Work item:
The lines running from the one that contains "Comprar Apartamento /" to the end of the records below are what to reproduce, exactly and without pictures.
### Source material
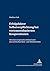 Erfolgsfaktor Selbstverpflichtung bei vertrauensbasierten Koo... by Matthias Fink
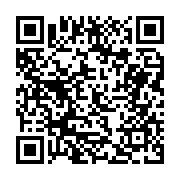 보도자료 페이지 바로가기 주소(https://business.jangseong.go.kr/q/ezIyN3w2MDkzMnxzaG93fHBhZ2U9MTQ2fQ==&e=M&s=3), QRCODE
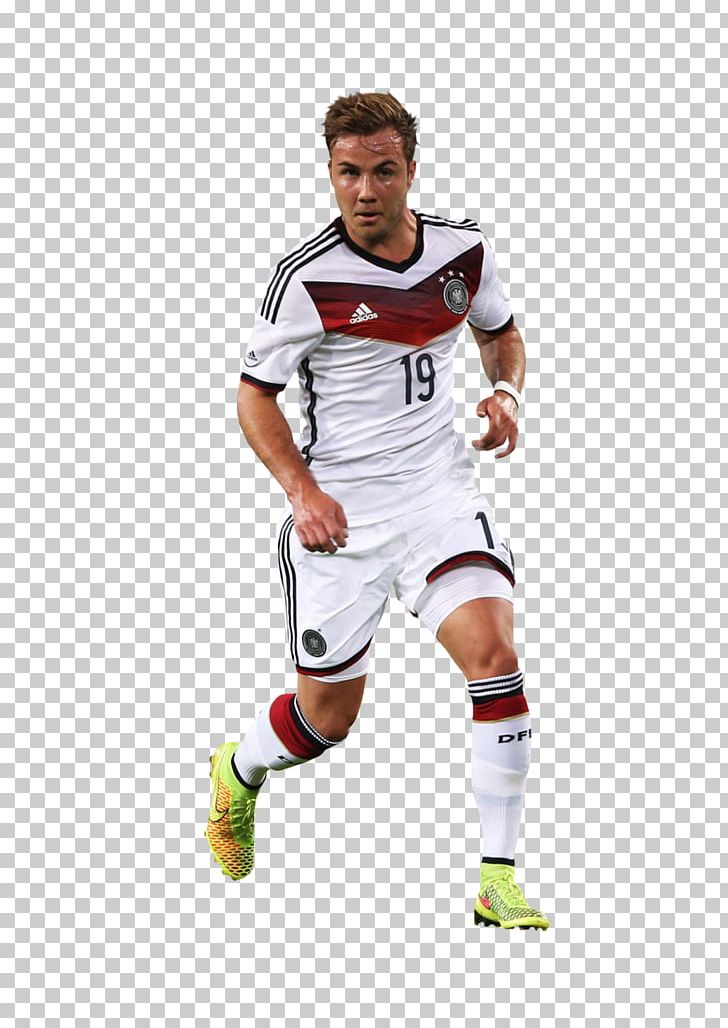 2014 FIFA World Cup Jersey Germany National Football Team Sport Argentina National Football Team PNG, Clipart, Argentina National Football Team, Ball, Clothing, Football, Football Player Free PNG Download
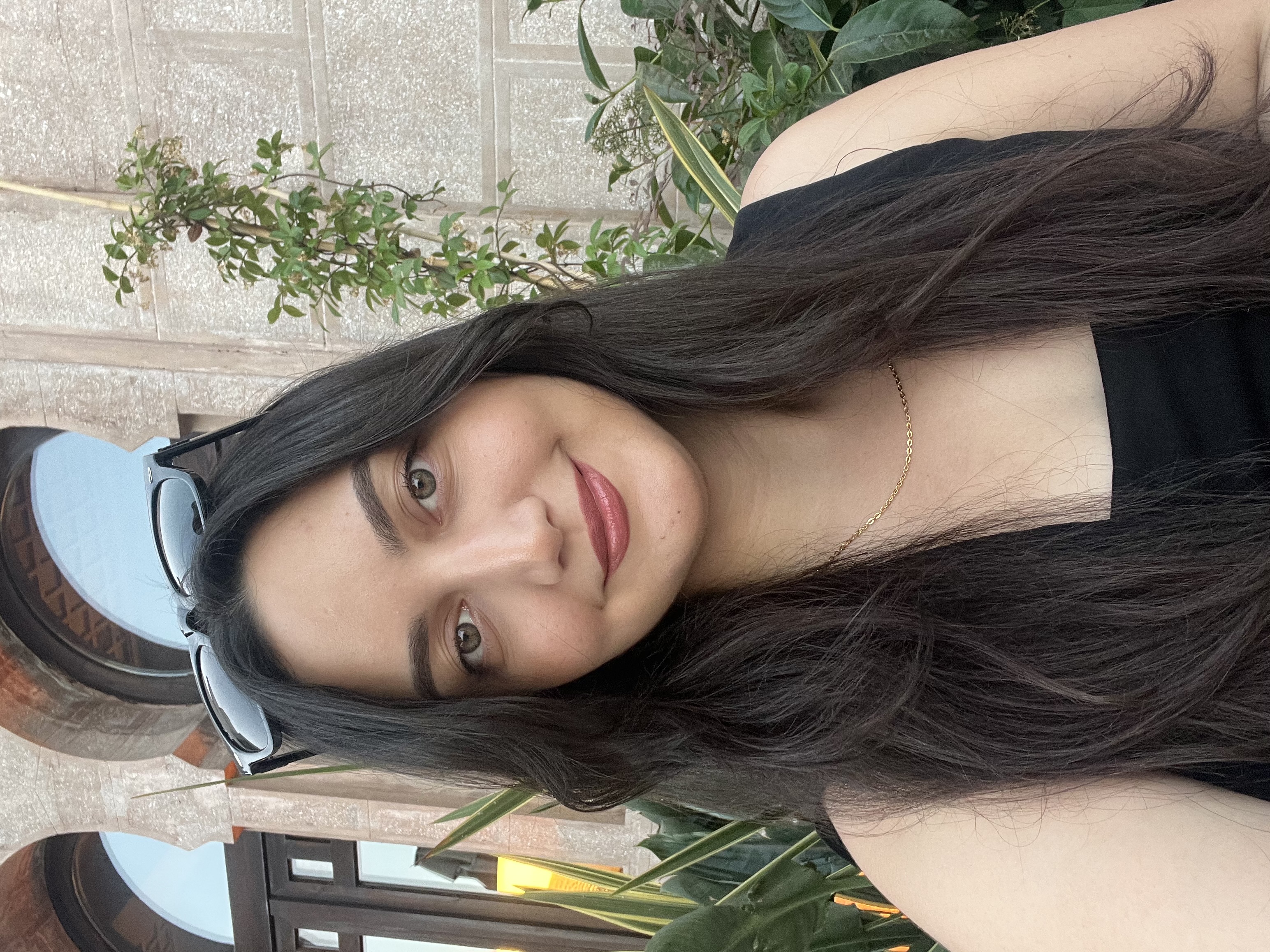 Profil Fotoğrafı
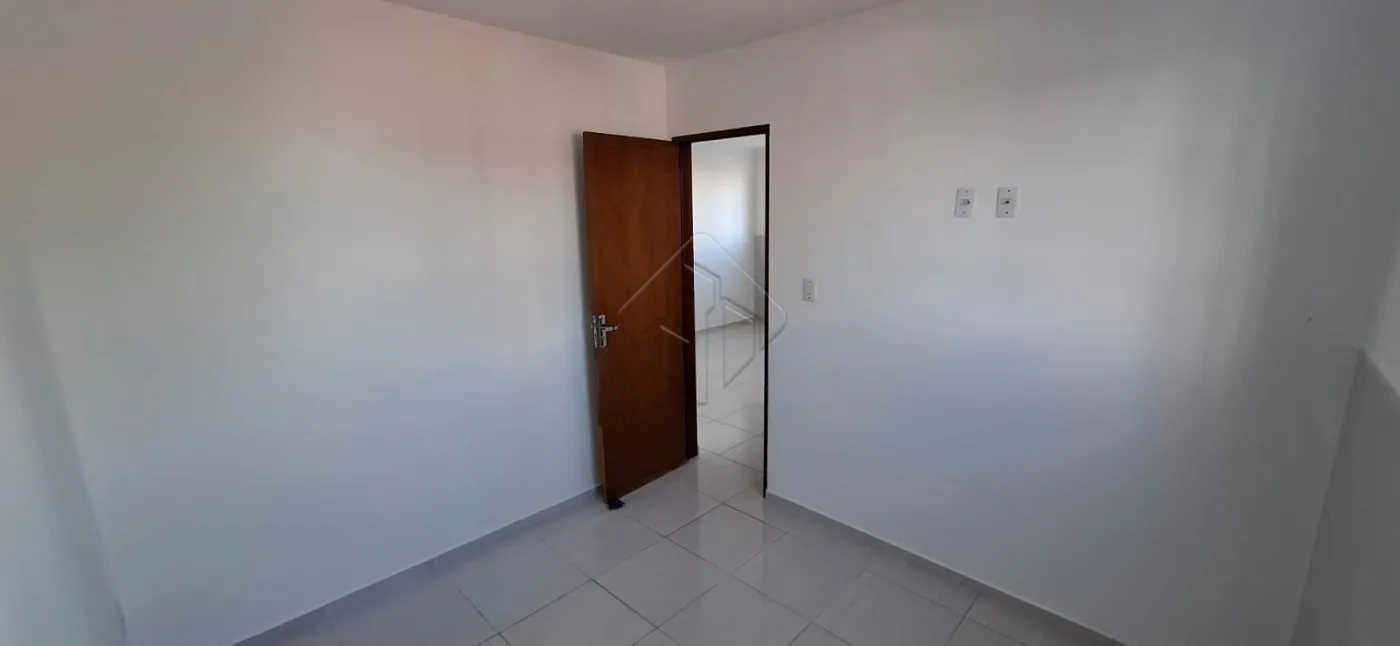 Comprar Apartamento / Padr&atilde;o em Jo&atilde;o Pessoa R$ 155.000,00 - Foto 8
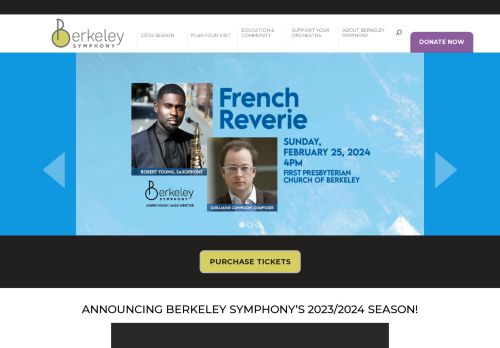 Berkeley Symphony capture - 2024-01-13 13:08:16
######
Result below:
 Comprar Apartamento / Padr&atilde;o em Jo&atilde;o Pessoa R$ 155.000,00 - Foto 8
 Berkeley Symphony capture - 2024-01-13 13:08:16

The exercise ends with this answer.